En revanche, la promesse est tenue en ce qui concerne les technocrates, plusieurs nouveaux ministres ayant auparavant été hauts fonctionnaires dans le ministère désormais sous leur tutelle.

Noureddine Bedoui, détenteur du portefeuille jusqu’à sa nomination à la tête du gouvernement, est ainsi remplacé à l’Intérieur par Salah Eddine Dahmoune, auparavant secrétaire général du ministère.
Addelhakim Belabed, nouveau ministre de l’Éducation, occupait les mêmes fonctions dans son ministère, et son nouveau collègue de la Santé, Mohamed Miraoui, 54 ans, était jusqu’ici le directeur de la Santé à Alger.

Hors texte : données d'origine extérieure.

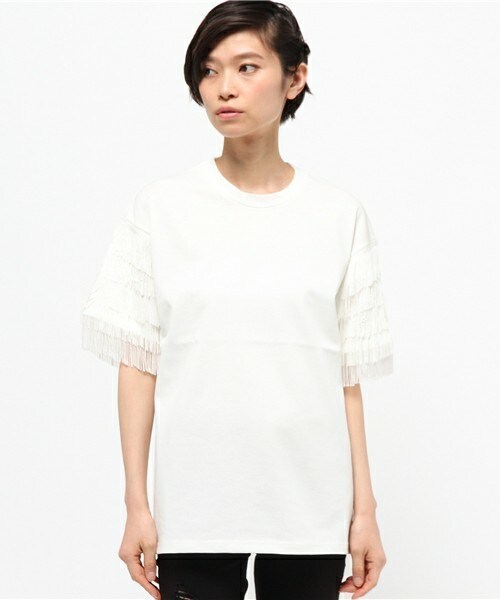 CLANE（クラネ）の「CLANE フリンジスリーブTシャツ（Tシャツ/カットソー・レディース・ホワイト/ブラック・36）」の8枚目の写真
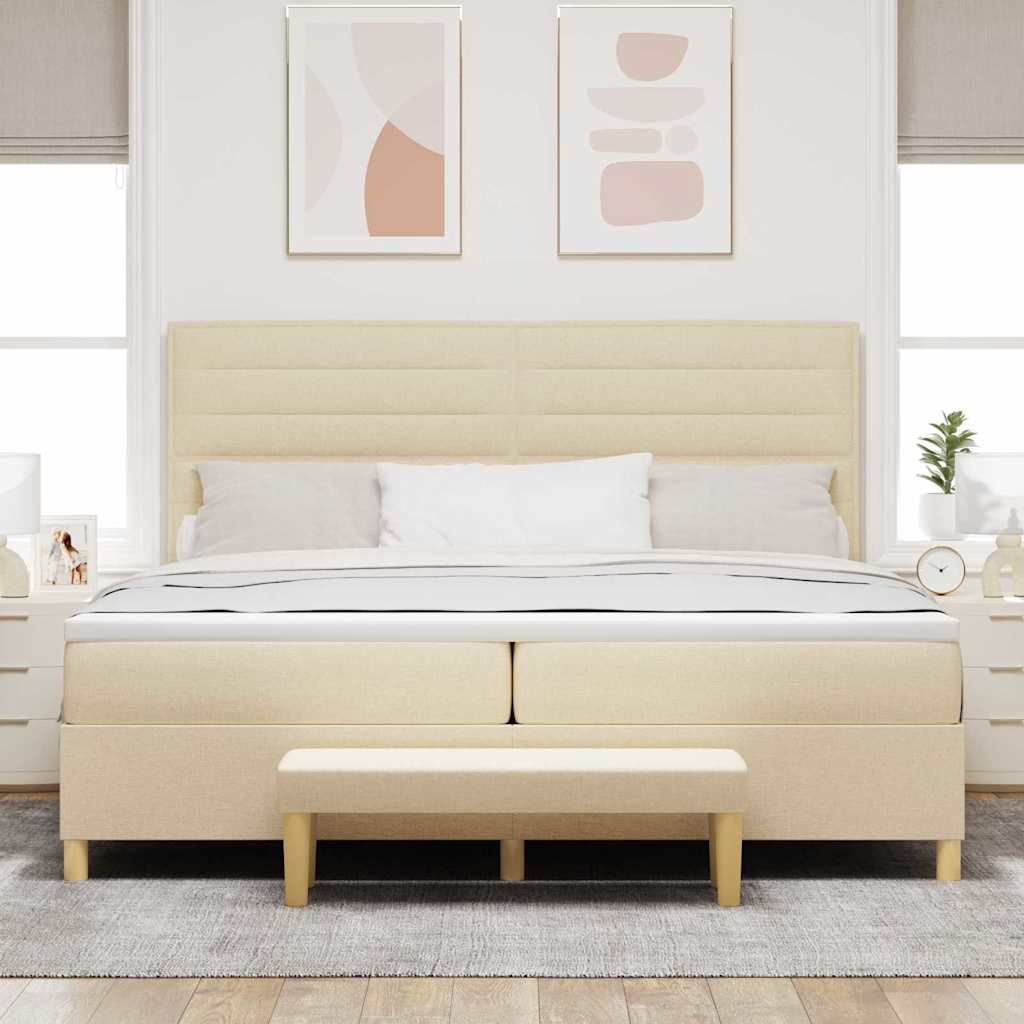 vidaXL Łóżko sprężynowe z materacem Kremowy 200 x 200 cm tkanina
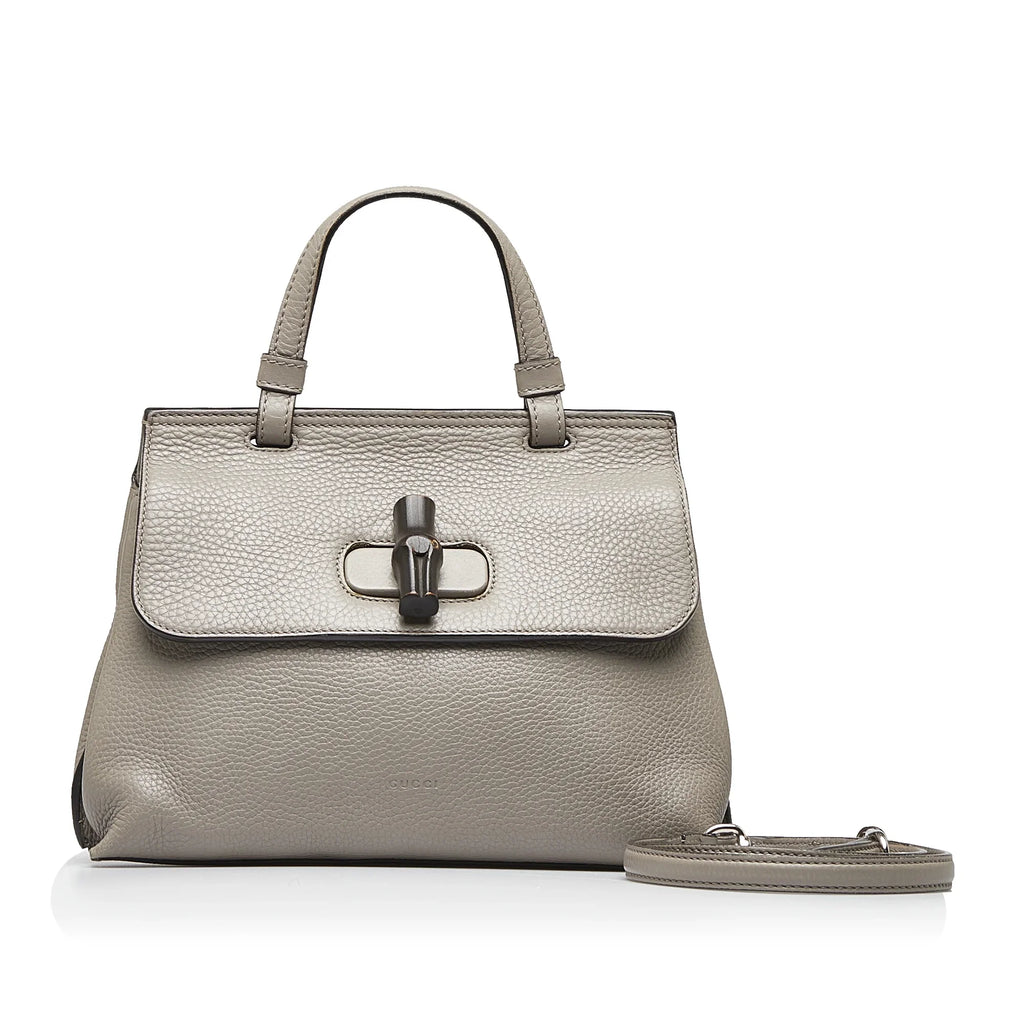 Pre-Owned Authenticated Gucci Medium Bamboo Daily Calf Leather Gray Sizeatchel Unisex (Good)
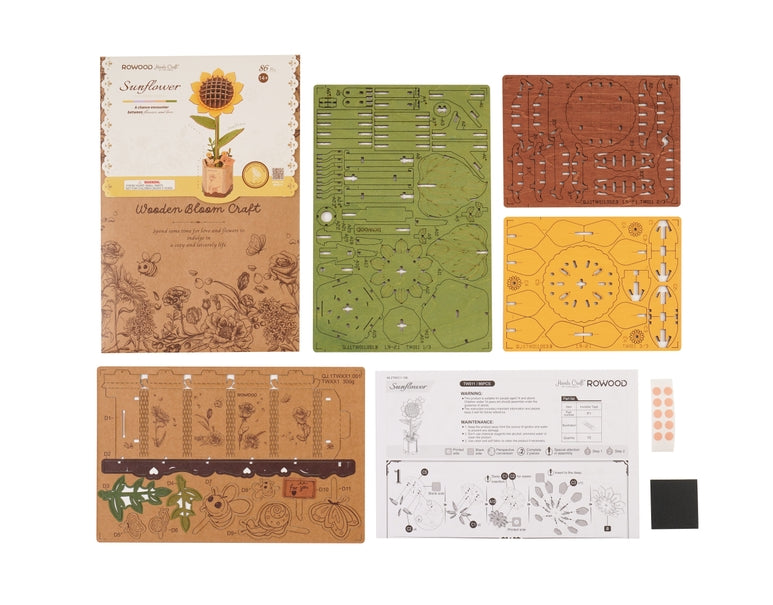 Yellow Sunflower | 3D Wood Flower Puzzle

De tous les gouvernements depuis plus de 15 ans et proche du chef de l’État, Tayeb Louh, ministre de la Justice depuis 2013, est remplacé par Slimane Brahmi, un magistrat à la longue carrière ayant notamment présidé la Cour de justice d’Alger.
Parmi les autres partants importants figure Abdelkader Messahel, ministre depuis 2013. Il avait déjà transmis, le 11 mars, son portefeuille des Affaires étrangères à Ramtane Lamamra, qui ne l’aura gardé que 20 jours.

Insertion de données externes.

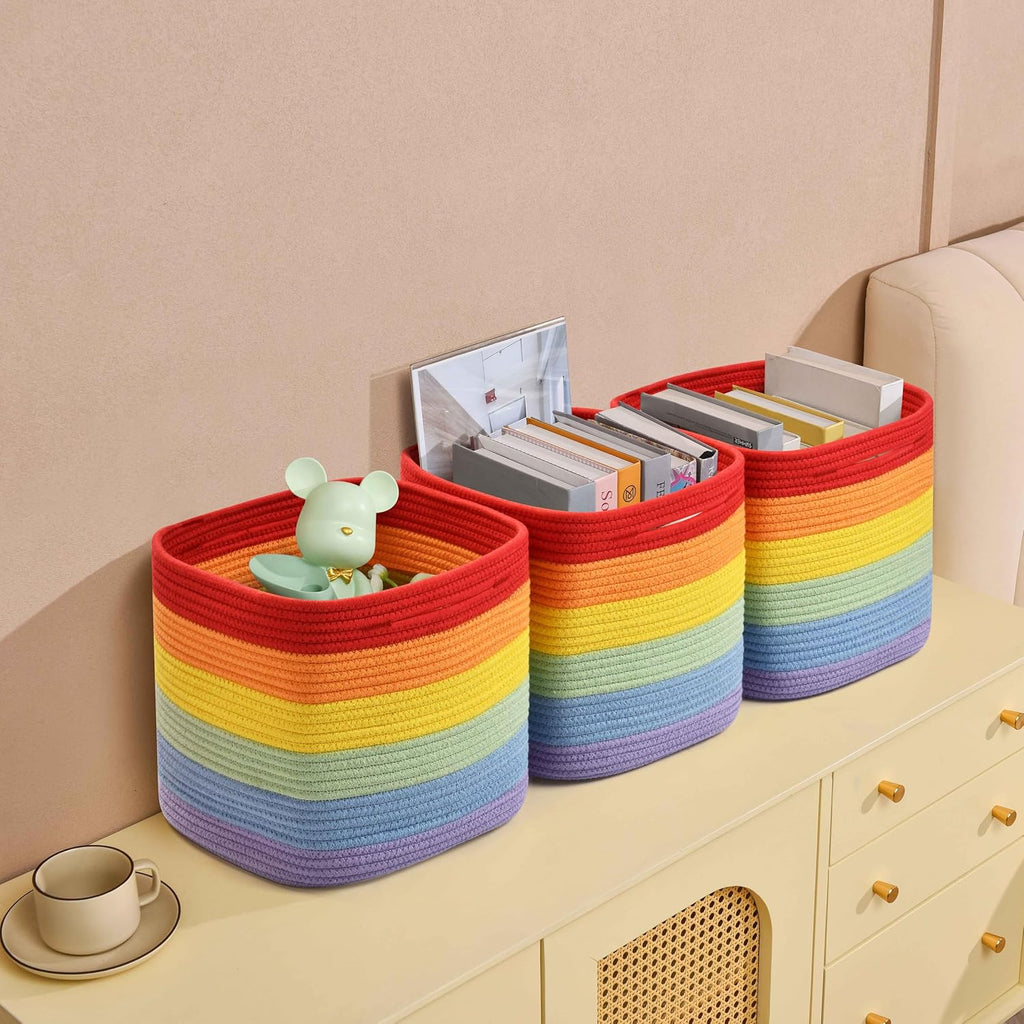 3 Pack Storage Cubes 11 Inch Cotton Rope Woven Baskets for Organizing Cube Bin Square Shelves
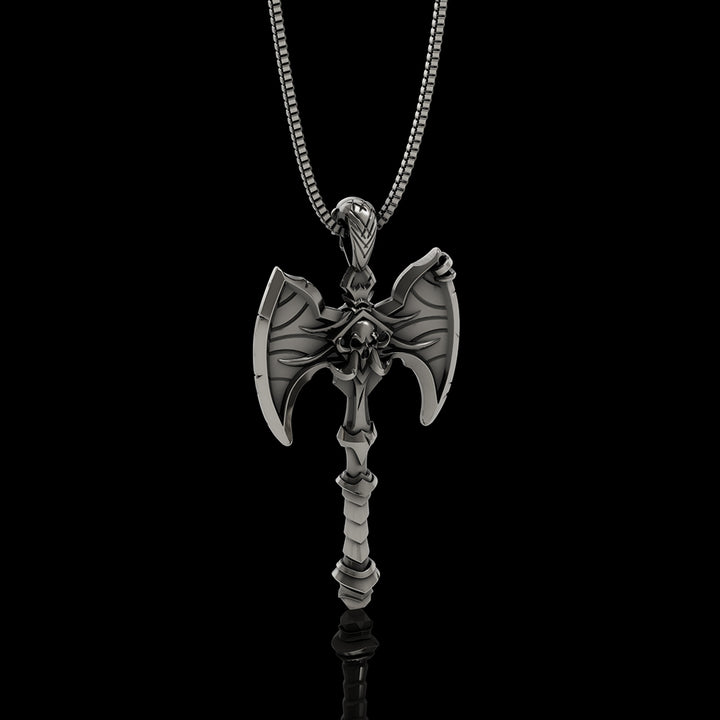 Skull Gorehowl Tomahawk 925 Sterling Silver VikingPendant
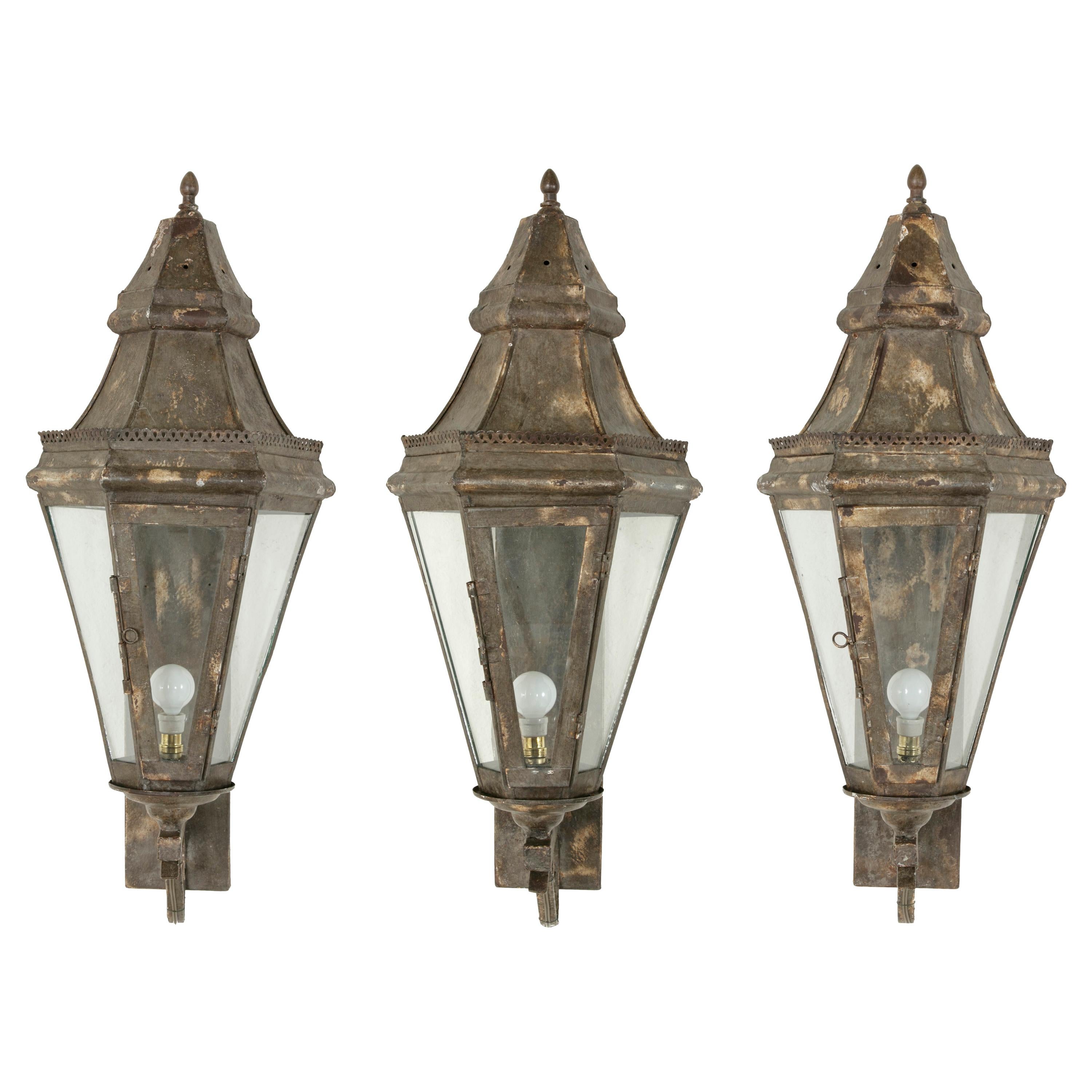 Early 20th Century French Wall Mounted Metal and Glass Venetian Lanterns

Sont également partants Nouria Benghabrit, ministre de l’Éducation depuis 2014, et Mohamed Aïssa, ministre des Affaires religieuses et des Wakfs (biens religieux) depuis 2014 et remplacé par Youcef Belmehdi.
Outre MM. Bedoui et Gaïd Salah, ne restent de l’ancienne équipe que Tayeb Zitouni (Moudjahidine — les anciens combattants), Houda Imane Feraoun (Poste et Télécommunications), Ghania Eddalia (Famille et Condition féminine), Said Djellab (Commerce), Abdelkader Benmessaoud (Tourisme et Artisanat), Fatma Zohra Zerouati (Environnement).
Dimanche soir, une centaine de personnes ont commencé à manifester dans le centre d’Alger après l’annonce du gouvernement, en scandant « les marches [de protestation] ne vont pas s’arrêter ».